Exercise goal: Return the lines of the listing below exactly as they appear, beginning at the one with "Camisa business casual" and stopping after the one with "Women's Hike Light"; do not include pictures.

START Information

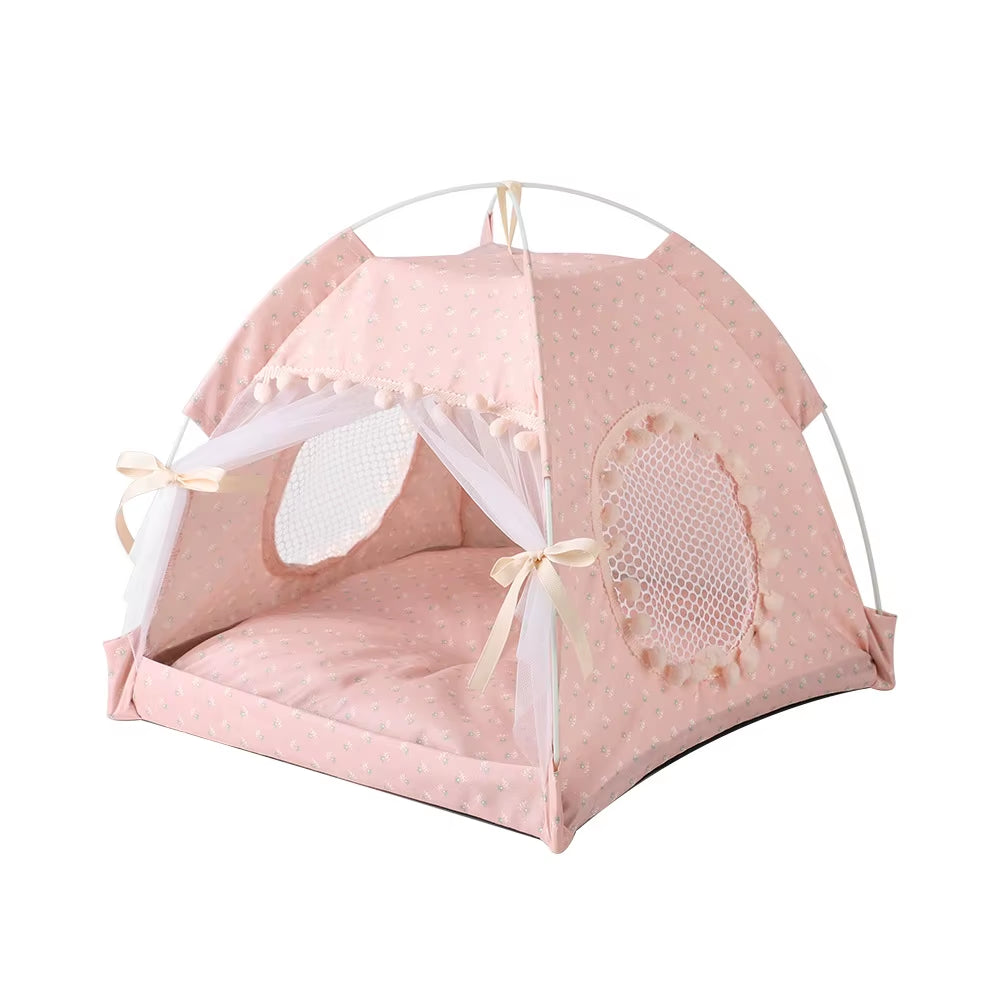 Cozy Floral Print Pet Tent House - The Perfect Portable Bed for Small Dogs and Cats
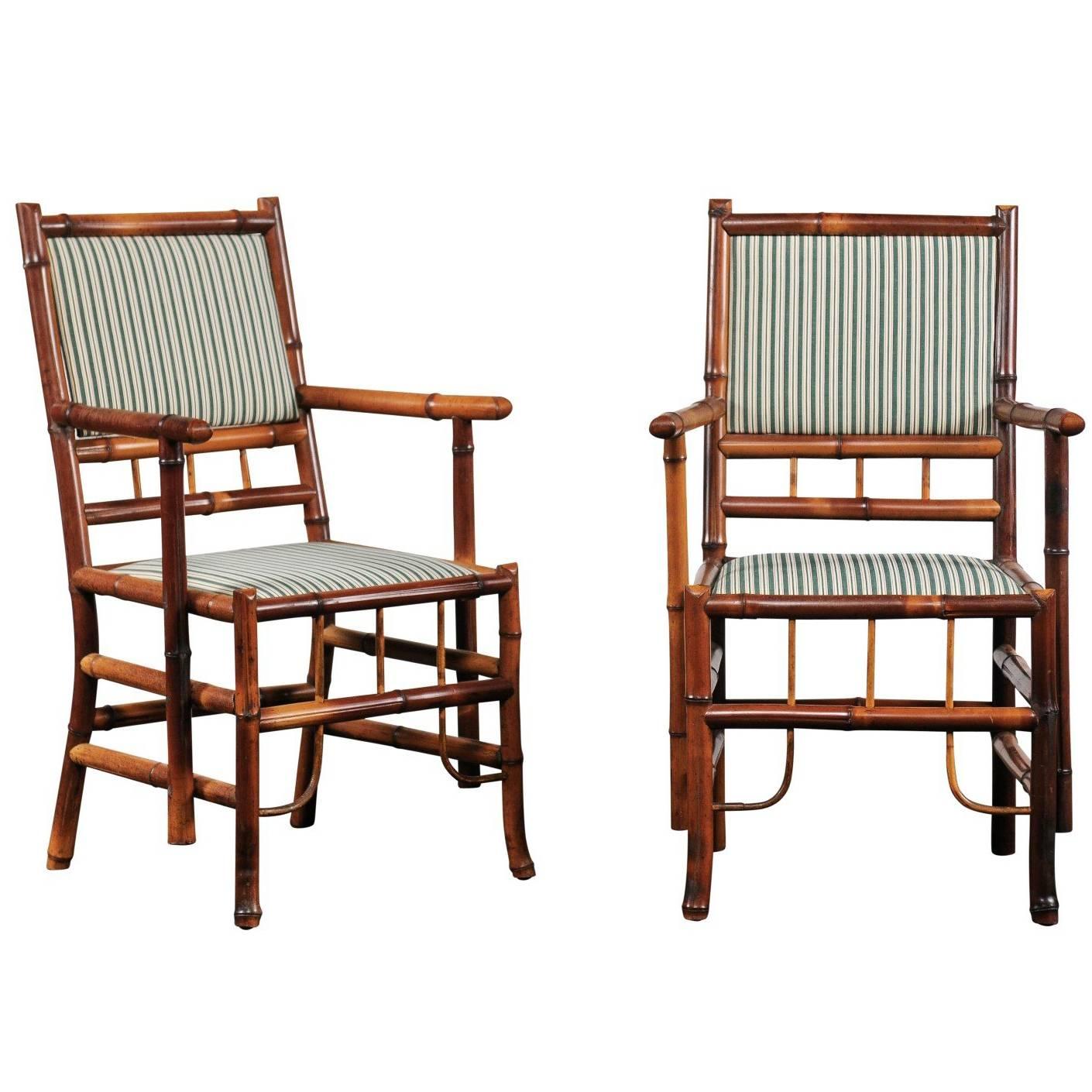 Pair of 19th-20th Century English Bamboo Armchairs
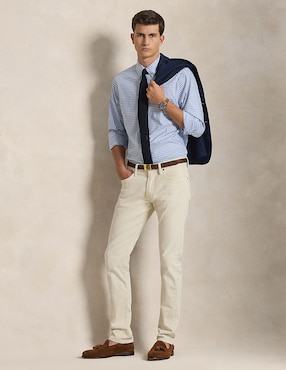 Camisa business casual Polo Rl de algodón manga larga para hombre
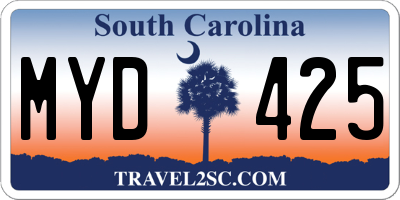 SC license plate MYD425
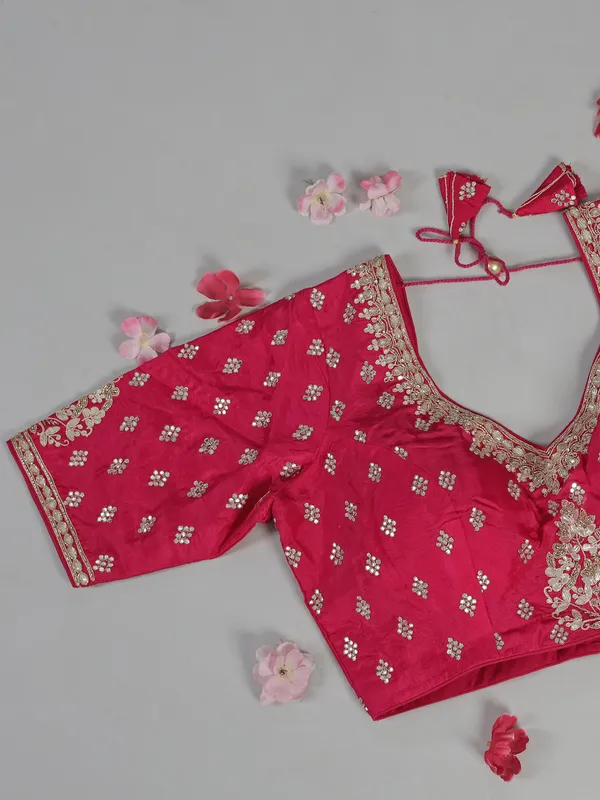Rani organza saree with ready made blouse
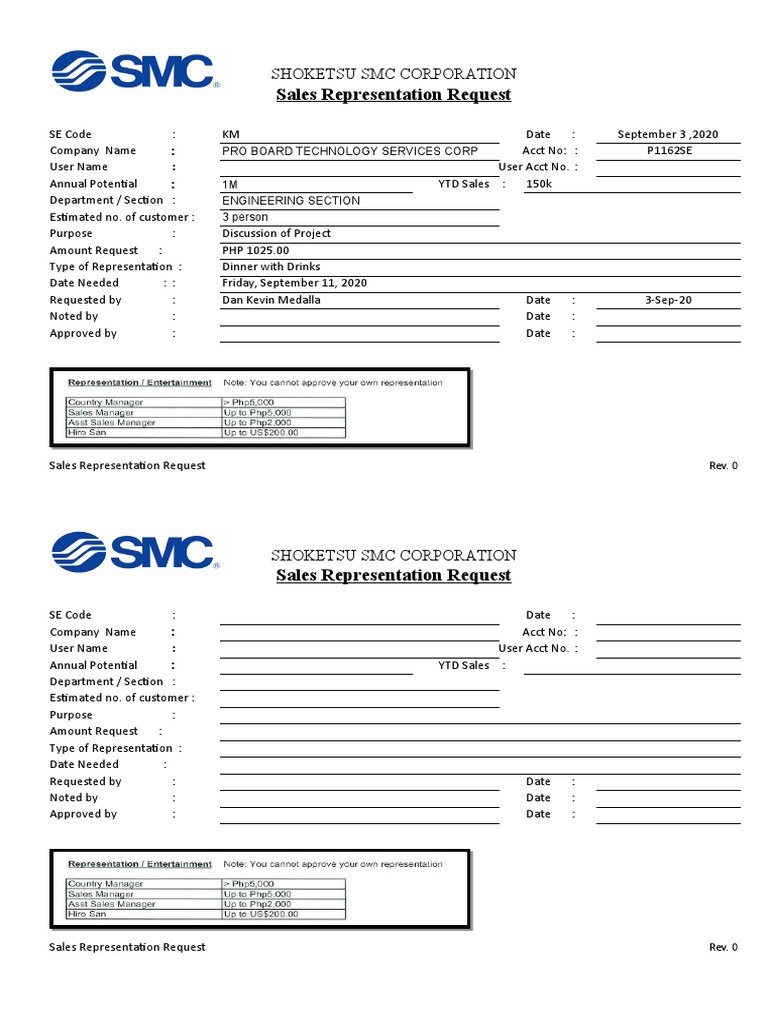 Sales Representation Request Form | PDF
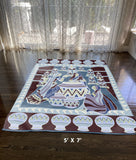 5' X 7' Dark Brown And Dark Blue Abstract Area Rug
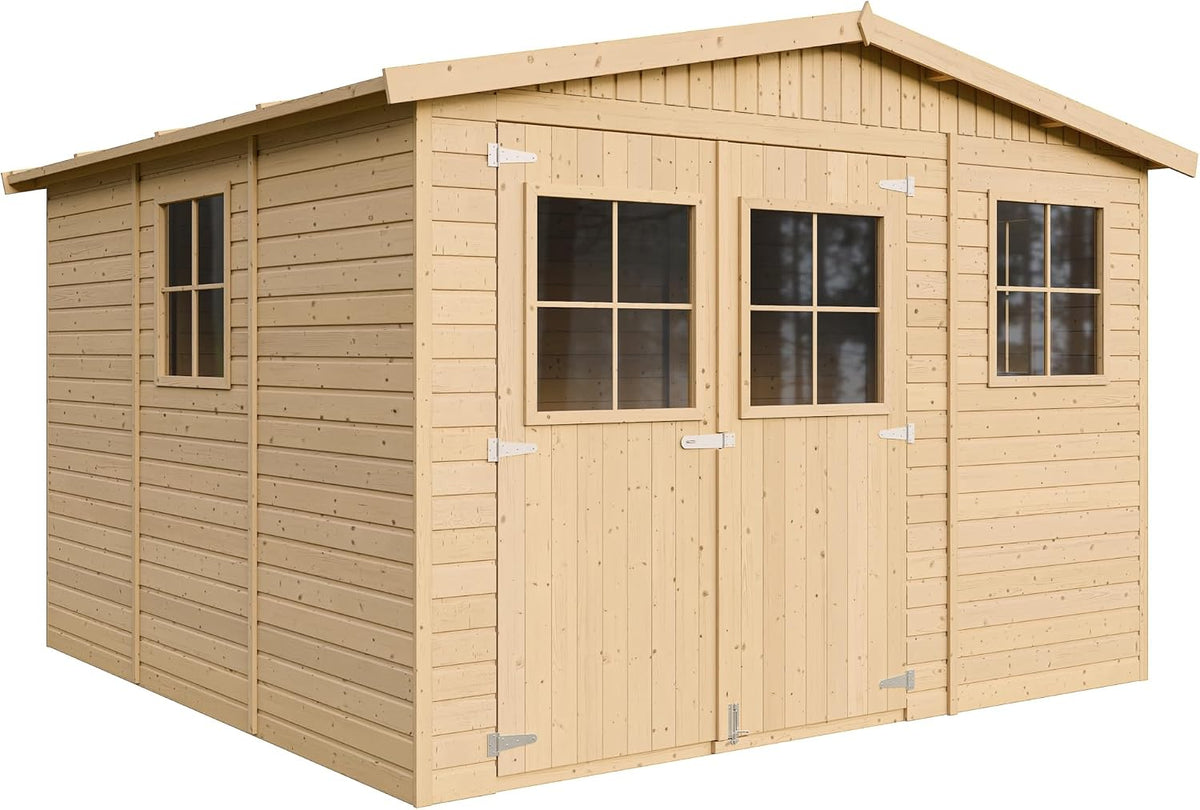 Cobertizos de almacenamiento TIMBELA, Caseta de Jardín Exterior de Madera 9 m², Cobertizo para Bicicletas, Caseta de Almacenamiento, Pared de 17 mm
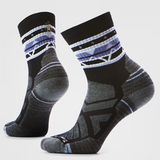  Women's Hike Light Cushion Zig Zag Valley Mid Crew Socks - Black
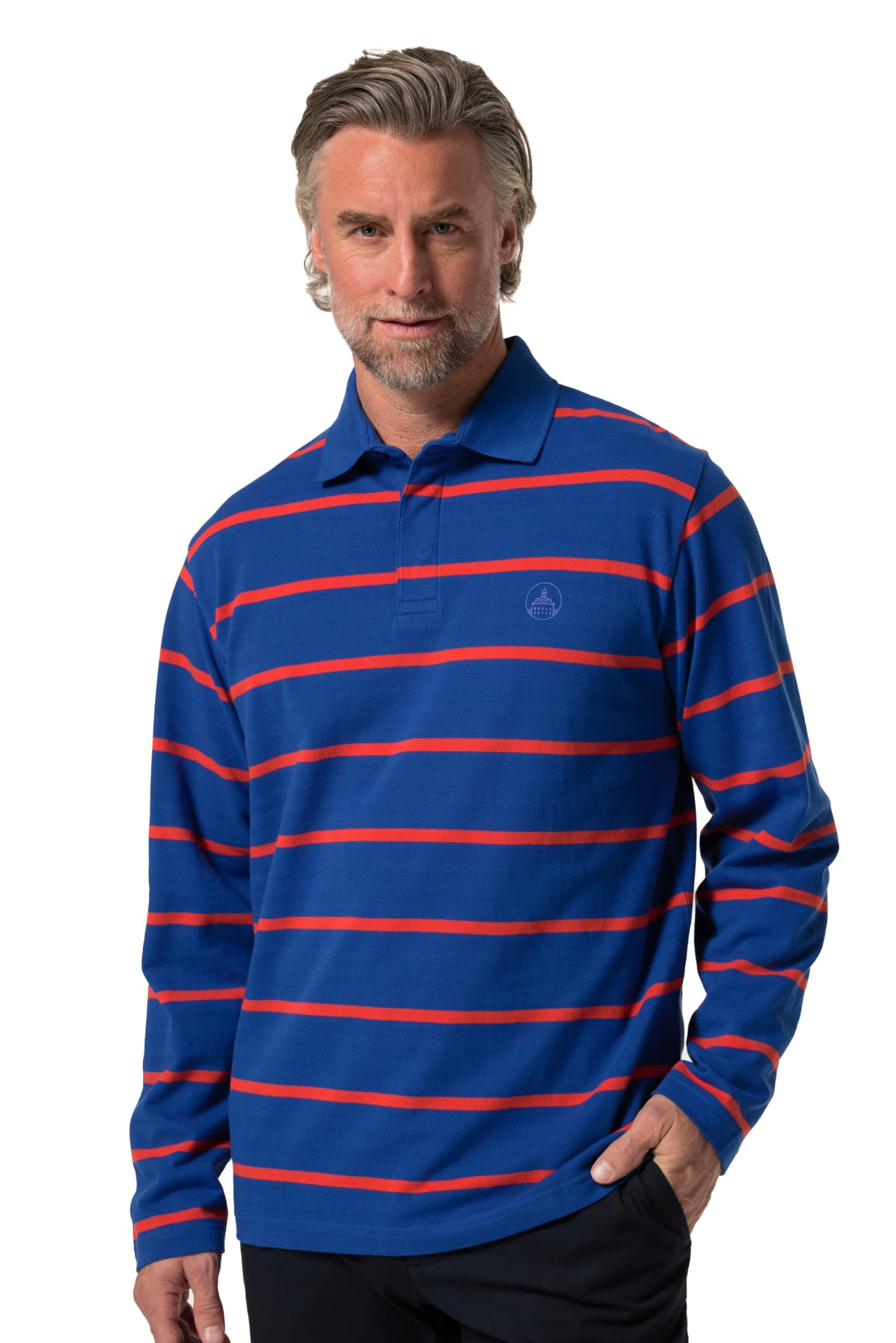 Boston Park Herren große Größen Übergrößen Menswear L-8XL Ringel-Poloshirt, Piqué, Langarm 838014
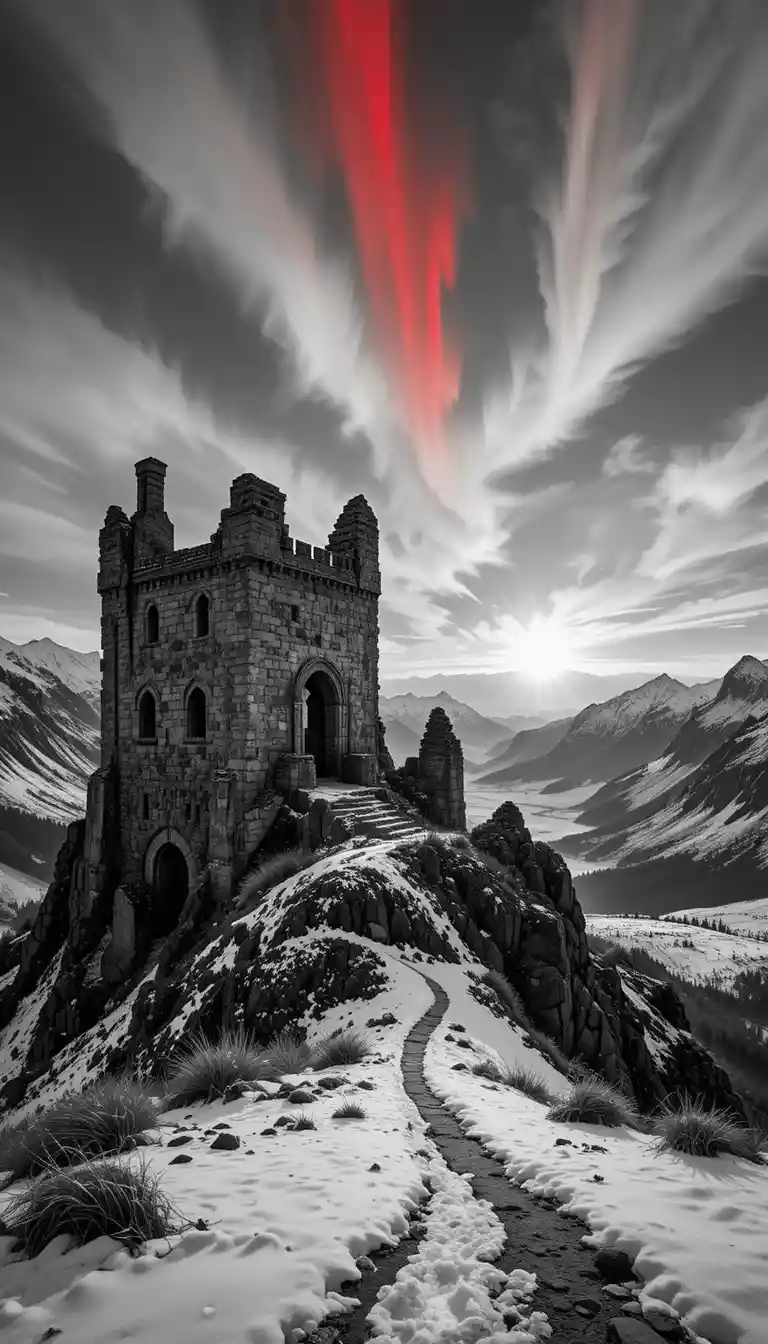 Castle Ruin On Snowy Mountain At Red Aurora Sunset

END Information

Output of the exercise:
 Camisa business casual Polo Rl de algodón manga larga para hombre
 SC license plate MYD425
Rani organza saree with ready made blouse
 Sales Representation Request Form | PDF
 5' X 7' Dark Brown And Dark Blue Abstract Area Rug
 Cobertizos de almacenamiento TIMBELA, Caseta de Jardín Exterior de Madera 9 m², Cobertizo para Bicicletas, Caseta de Almacenamiento, Pared de 17 mm
  Women's Hike Light Cushion Zig Zag Valley Mid Crew Socks - Black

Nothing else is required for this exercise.